Australian rules footballer

Neville John Miller (born 29 September 1951) is a former Australian rules footballer who played with South Melbourne in the Victorian Football League (VFL).

==Career==
Miller, a forward, was recruited to South Melbourne from Wagga Wagga and began his career in the 1970 VFL season, under coach Norm Smith. On debut against Collingwood in round 11, Miller went off injured in the first quarter with a gashed knee, which required 23 stitches. He finished the season with six appearances. In 1971 he played 12 games, including a hoodoo breaking win over Essendon at Windy Hill, in which he contributed a career best five goals. It was the first time South Melbourne had beaten Essendon at their home ground since 1954. He played one further season for South Melbourne, with 10 appearances in 1972.
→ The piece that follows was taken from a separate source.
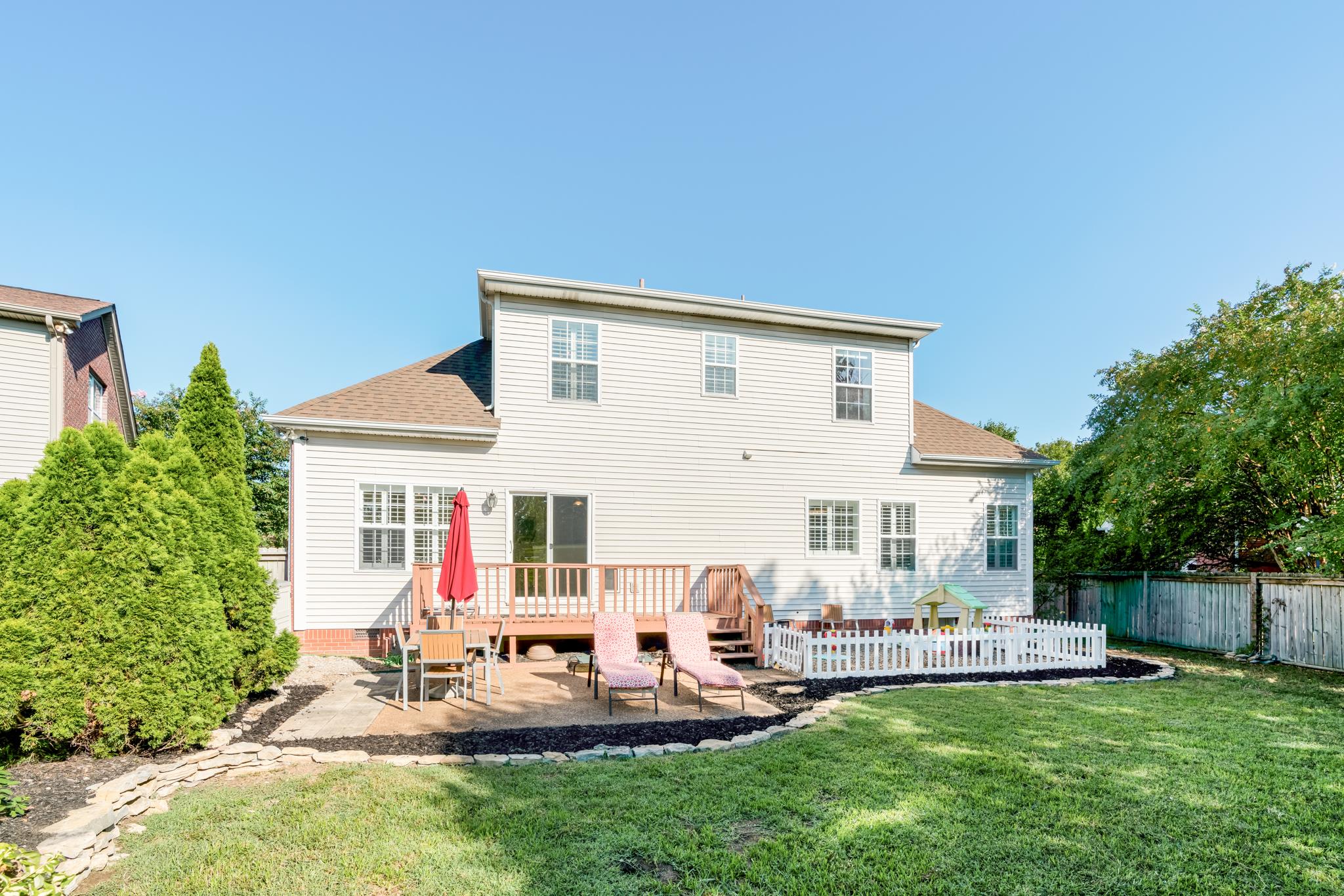 3126 Vera Valley Road Franklin, TN 37064 - Photo 27 of 30 a view of a house with backyard sitting area and garden
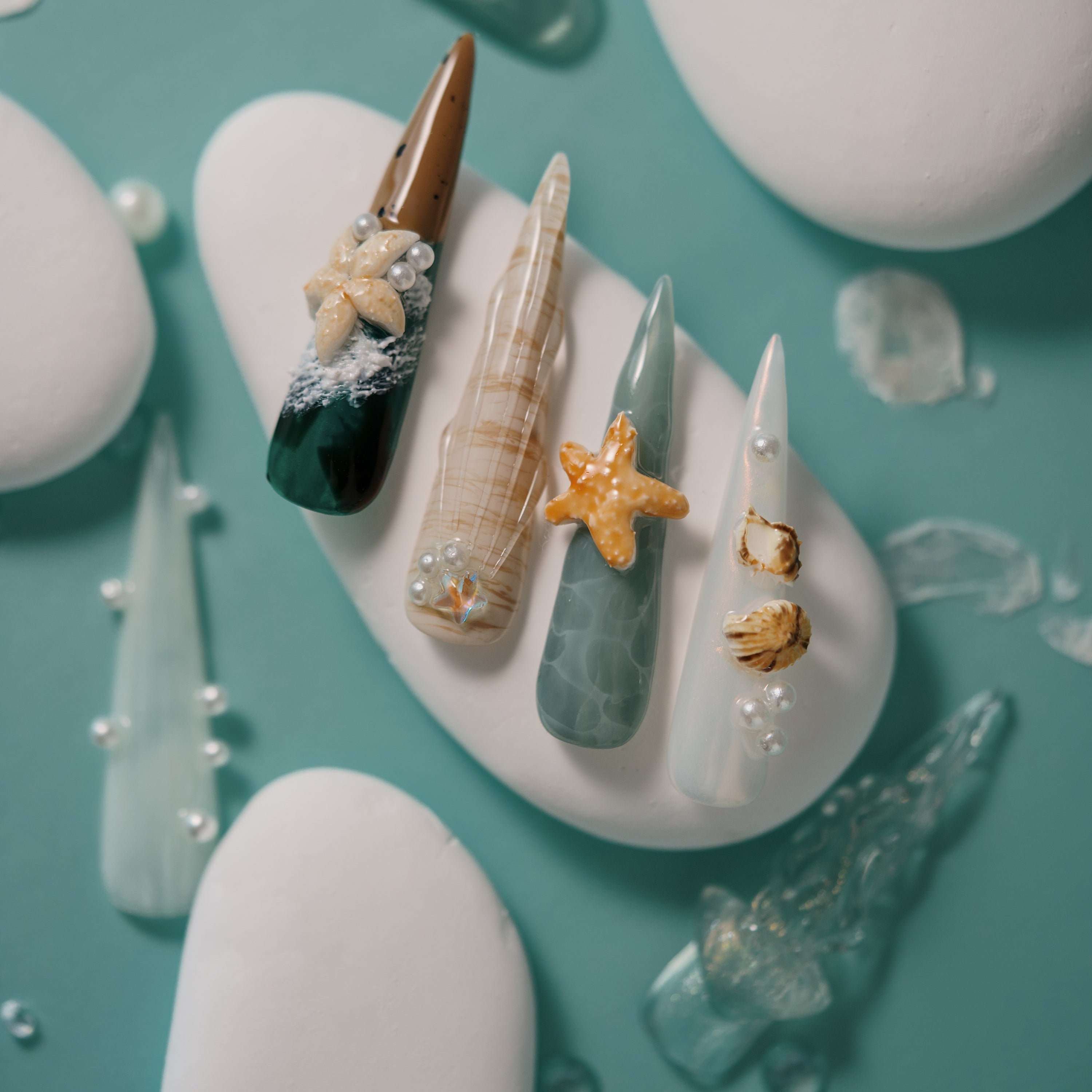 Dresup Ocean Mystique press on nails with green gradient and 3D sea elements. Statement stiletto false nails.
In 1973 he left South Melbourne to play for West Adelaide in the South Australian National Football League. Following his stint with West Adelaide, Miller played in Tasmania for six years with Sandy Bay and was a member of three premiership teams. During the 1980s he moved to Queensland where he played for Mt Gravatt and has since had a long coaching career in the state. He now coaches the Mayne reserves.

==Personal life==
Miller is the father of former Melbourne and Richmond footballer Brad Miller.